Theology in Overalls for Saturday, 19 April 2014 - "5 things my boyhood church did right" by Greg Crofford
Siblings, unite! Rochester (NY) Zone Junior Quizzing team, circa 1971. L to R: Mark Crofford, Val Clemens, Phil Clemens, Greg Crofford
There's a lot of second-guessing happening on the internet these days, popular bloggers lamenting how the church is failing "this generation." So to balance out all the hand-wringing, indulge me a retrospective on my own growing up years. Here are 5 things my boyhood church did right:
1. Simple preaching - Reverend Morris Wilson never had more than an 8th grade education, but he had a call to preach. His sermons were not complicated, but they connected. He knew how to laugh and how to make us cry. Reverend Wilson (no one dared call him "Morris" - that would be disrespectful) was a master at holding things up to sanctified ridicule: "Some people say this. I say that's applesauce." Or to motivate us, he would chide: "It's time to get off our blessed assurance and get busy." It was direct, loving and anointed. It's hard to beat that combination.
2. Adults included kids - My parents went to choir practice at 5 p.m. and the evening service didn't start until an hour later. At 5:30 p.m. some of the old saints would gather for prayer in the "upper room" over the gymnasium. Tired of running around in the hallways with my brothers, around 12 years old, I climbed the stairs to the upper room one Sunday evening and asked if I could pray with them. They welcomed a boy when they could have chased me away. I remember the prayers of those saints, as they prayed for the pastor, cried for lost loved ones, and asked God to send a revival to our church. Those prayers from Mr and Mrs Whitman, Mr and Mrs Laird and others impacted my young life. They taught me to trust God for things small and large.
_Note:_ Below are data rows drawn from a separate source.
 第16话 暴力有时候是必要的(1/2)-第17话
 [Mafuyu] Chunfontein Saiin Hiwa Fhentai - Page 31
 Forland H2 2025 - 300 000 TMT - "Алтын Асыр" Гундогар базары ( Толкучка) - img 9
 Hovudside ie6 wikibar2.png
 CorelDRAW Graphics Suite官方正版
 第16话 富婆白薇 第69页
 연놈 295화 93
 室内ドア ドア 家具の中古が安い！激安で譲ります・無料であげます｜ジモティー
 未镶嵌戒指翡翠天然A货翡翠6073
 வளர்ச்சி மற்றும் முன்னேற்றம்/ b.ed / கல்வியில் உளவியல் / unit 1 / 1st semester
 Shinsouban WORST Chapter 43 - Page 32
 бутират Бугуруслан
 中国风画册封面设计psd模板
3. Bible quizzing - My mother, Marilyn Crofford, was our indefatigable Jr. Quizzing coach, and from the age of 7 I remember studying books of the Bible. We had cardboard boxes with cards numbered 1 to 4, shipped from the Nazarene Publishing House in Kansas City, and we'd pull the card that corresponded to the right answer to the question (see b & w photo above). Later this became teen quizzing as I did my best to follow in the footsteps of my older brothers. By the time I graduated high school, I had memorized large swaths of the New Testament. Quizzing taught me the importance of team work, and much of the Scripture I quote to this day first lodged itself deep within me during those long hours of study. Back then, I was working for a trophy to put up on the mantle next to my brothers'. Those trophies are long gone, but the benefits of digging into Scripture linger.
World Bible Quiz, 1981 - Our Upstate NY District team took first place!
4. Visiting people at home or in nursing homes - My dad wasn't a pastor, but he took his job as Sunday School teacher seriously. Some Saturday mornings, he'd go calling on absentees, and he'd take me along. By doing so, he taught me something about shepherding. Or at Christmas time, the children's church leaders would load us kids up in the bus and we'd go visit old folks in nursing homes. One Christmas, I got to sing a solo on "Away in a Manger." Those nursing home visits taught us remember the marginalized, people who otherwise might be "out of sight, out of mind."
45 rpm record, with one song on each side
5. Right and wrong - When I was just 8 or 9, I remember one morning in Sunday School when Nada Rogers, my teacher, played a 45 record for us. (Alright, I'm dating myself with this story.) Something came over me that day, and I just had to have that record! Reaching in my pocket, I pulled out the 35 cents my dad had given me for the Sunday School offering. "Mrs Rogers," I said, "I want to buy that record from you." "It's not mine, she said, so I can't sell it to you." But I wasn't so easily dissuaded. I kept nagging her until finally she said: "Greg, for me to sell something to you that doesn't belong to me would be wrong. Do you understand?" That day, she taught me an important lesson. There is such a thing in this world as right and wrong. There are boundaries that God has laid down, and they are there for a reason.
Does this mean my boyhood church was flawless? Far from it! Academic Dean emeritus Donald Young of Eastern Nazarene College once quipped: "I'm glad the church isn't perfect. If it was, they wouldn't let me in." But for all it did wrong, my church did a lot of things right. What's more, I suspect what was true in the 1970s is no less true in 2014. What good things is God up to in your church? Tell the world!